The bulk loader JAR version in set_variables.sh (line 16) should match the version you downloaded. If you downloaded a different version, update the SPARK_JAR variable accordingly.

Understanding the configuration

The set_variables.sh script centralizes all configuration for the bulk loading pipeline. Understanding these settings helps you customize the deployment for your specific requirements.

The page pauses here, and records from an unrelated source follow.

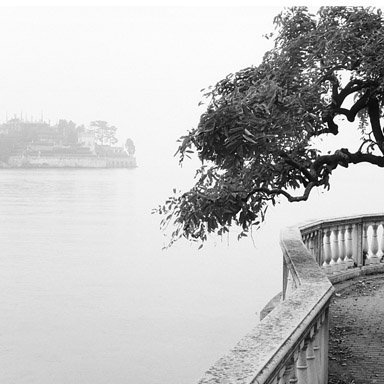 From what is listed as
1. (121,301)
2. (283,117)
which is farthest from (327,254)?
(121,301)

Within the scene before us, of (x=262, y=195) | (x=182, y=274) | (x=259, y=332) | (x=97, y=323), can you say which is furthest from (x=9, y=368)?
(x=259, y=332)

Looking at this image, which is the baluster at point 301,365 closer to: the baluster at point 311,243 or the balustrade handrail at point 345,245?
the baluster at point 311,243

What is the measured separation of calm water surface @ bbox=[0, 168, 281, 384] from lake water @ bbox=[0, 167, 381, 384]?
0.06 m

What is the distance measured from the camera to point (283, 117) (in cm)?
554

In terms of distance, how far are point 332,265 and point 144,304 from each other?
2511 centimetres

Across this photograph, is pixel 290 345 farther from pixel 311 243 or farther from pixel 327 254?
pixel 327 254

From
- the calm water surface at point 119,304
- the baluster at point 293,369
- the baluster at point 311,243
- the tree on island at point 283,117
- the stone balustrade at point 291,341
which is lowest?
the calm water surface at point 119,304

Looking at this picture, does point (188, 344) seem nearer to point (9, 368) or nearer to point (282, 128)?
point (9, 368)

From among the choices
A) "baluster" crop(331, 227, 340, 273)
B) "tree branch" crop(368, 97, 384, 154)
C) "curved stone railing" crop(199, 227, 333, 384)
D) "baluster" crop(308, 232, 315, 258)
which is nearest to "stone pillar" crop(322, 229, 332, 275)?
"baluster" crop(331, 227, 340, 273)

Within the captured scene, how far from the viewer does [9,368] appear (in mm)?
25312

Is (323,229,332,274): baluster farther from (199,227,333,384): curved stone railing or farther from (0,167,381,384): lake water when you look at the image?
(199,227,333,384): curved stone railing

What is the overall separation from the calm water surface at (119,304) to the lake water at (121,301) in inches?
2.3

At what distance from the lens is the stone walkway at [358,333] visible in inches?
217

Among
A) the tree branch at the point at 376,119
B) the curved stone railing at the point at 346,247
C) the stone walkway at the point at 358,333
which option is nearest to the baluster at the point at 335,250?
the curved stone railing at the point at 346,247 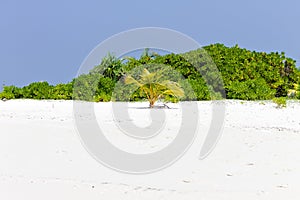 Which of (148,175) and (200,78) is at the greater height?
(200,78)

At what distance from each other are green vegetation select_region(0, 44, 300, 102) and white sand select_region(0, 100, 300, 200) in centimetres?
718

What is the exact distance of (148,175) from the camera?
456 centimetres

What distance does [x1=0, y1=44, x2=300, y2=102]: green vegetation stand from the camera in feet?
55.7

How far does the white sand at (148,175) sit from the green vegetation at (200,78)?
7.18 meters

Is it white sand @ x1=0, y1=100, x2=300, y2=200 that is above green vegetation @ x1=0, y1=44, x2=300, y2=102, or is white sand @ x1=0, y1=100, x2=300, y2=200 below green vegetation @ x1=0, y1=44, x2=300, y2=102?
below

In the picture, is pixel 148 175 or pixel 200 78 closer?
pixel 148 175

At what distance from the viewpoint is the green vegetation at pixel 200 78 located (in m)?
17.0

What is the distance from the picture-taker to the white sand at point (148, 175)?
371 centimetres

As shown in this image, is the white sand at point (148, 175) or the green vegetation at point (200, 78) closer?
the white sand at point (148, 175)

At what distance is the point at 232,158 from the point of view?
17.7ft

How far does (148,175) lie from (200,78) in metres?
16.2

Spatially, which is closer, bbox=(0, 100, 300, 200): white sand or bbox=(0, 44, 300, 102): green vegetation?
bbox=(0, 100, 300, 200): white sand

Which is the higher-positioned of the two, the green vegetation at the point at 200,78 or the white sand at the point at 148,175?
the green vegetation at the point at 200,78

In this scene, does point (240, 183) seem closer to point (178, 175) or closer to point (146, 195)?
point (178, 175) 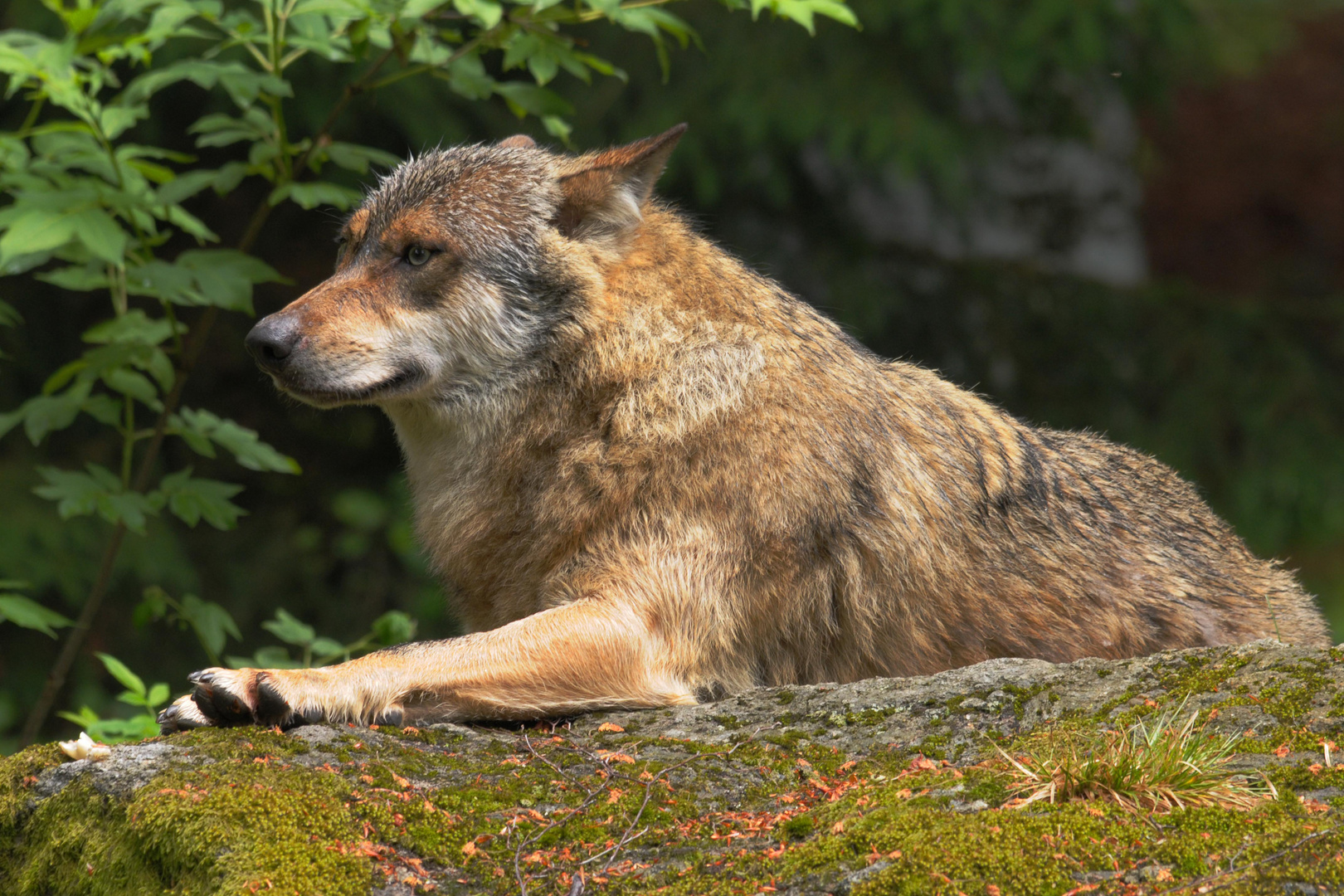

As described in the overview, this tutorial uses several AWS services working together:

Amazon EC2: Virtual servers that run your Aerospike database and EMR worker nodes.
Amazon S3: Object storage for your graph data files, bulk loader JAR, and job logs.
Amazon EMR: Managed cluster platform for running Apache Spark jobs that process large datasets.
Amazon VPC: Isolated network where your AWS resources communicate securely.

Aerolab settings

These variables control the Aerospike cluster that Aerolab creates on EC2:

Variable	Description	Default
`name`	Unique identifier for your cluster. Aerolab uses this to manage cluster lifecycle.	—
`username`	Owner tag applied to AWS resources for cost tracking and access control.	—
`aerospike_version`	Aerospike Database version to install on the cluster nodes.	`8.0.0.7`
`instance_count`	Number of Aerospike nodes in the cluster. Scale up for larger datasets.	`1`
`aws_instance_type`	EC2 instance type for Aerospike nodes. Choose based on data size and performance needs.	`t3.medium`

Bulk load settings

Variable	Description	Default
`AWS_REGION`	AWS region where all resources are created. Must be consistent across all components.	`us-east-1`

S3 locations

These paths define where the bulk loader reads data and writes logs in Amazon S3:

Variable	Description	Example
`BUCKET_PATH`	Root S3 path for all bulk loading files.	`s3://my-bucket`
`LOG_URI`	Directory where EMR writes Spark job logs. Useful for debugging failed jobs.	`${BUCKET_PATH}/logs/`
`SPARK_JAR`	S3 location of the bulk loader JAR file.	`${BUCKET_PATH}/jars/aerospike-graph-bulk-loader-3.1.1.jar`
`SPARK_ARGS`	Command-line arguments passed to the bulk loader, including the path to the properties file.	`-c,${BUCKET_PATH}/config/bulk-loader.properties`

EMR cluster settings

Amazon EMR runs Apache Spark to execute the bulk loader. Spark distributes the data loading work across multiple nodes for faster processing:

Variable	Description	Default
`CLUSTER_NAME`	Display name for the EMR cluster in the AWS console.	`Aerospike AWS Graph Cluster`
`EMR_RELEASE`	EMR release version, which determines Spark and Hadoop versions. The default includes Spark 3.4 and Java 11 support.	`emr-6.15.0`
`emr_instance_type`	EC2 instance type for EMR nodes. Larger instances speed up bulk loading for big datasets.	`m5.xlarge`

Network settings

For the bulk loader to write data to Aerospike, the EMR cluster must have network access to the Aerospike nodes within the same VPC:

Variable	Description
`SUBNET_ID`	VPC subnet where EMR launches its nodes. Must be the same subnet as your Aerospike cluster for private IP connectivity.
`SECURITY_GROUP`	Security group that allows inbound traffic on port 3000 (Aerospike). Aerolab creates this automatically when it provisions the cluster.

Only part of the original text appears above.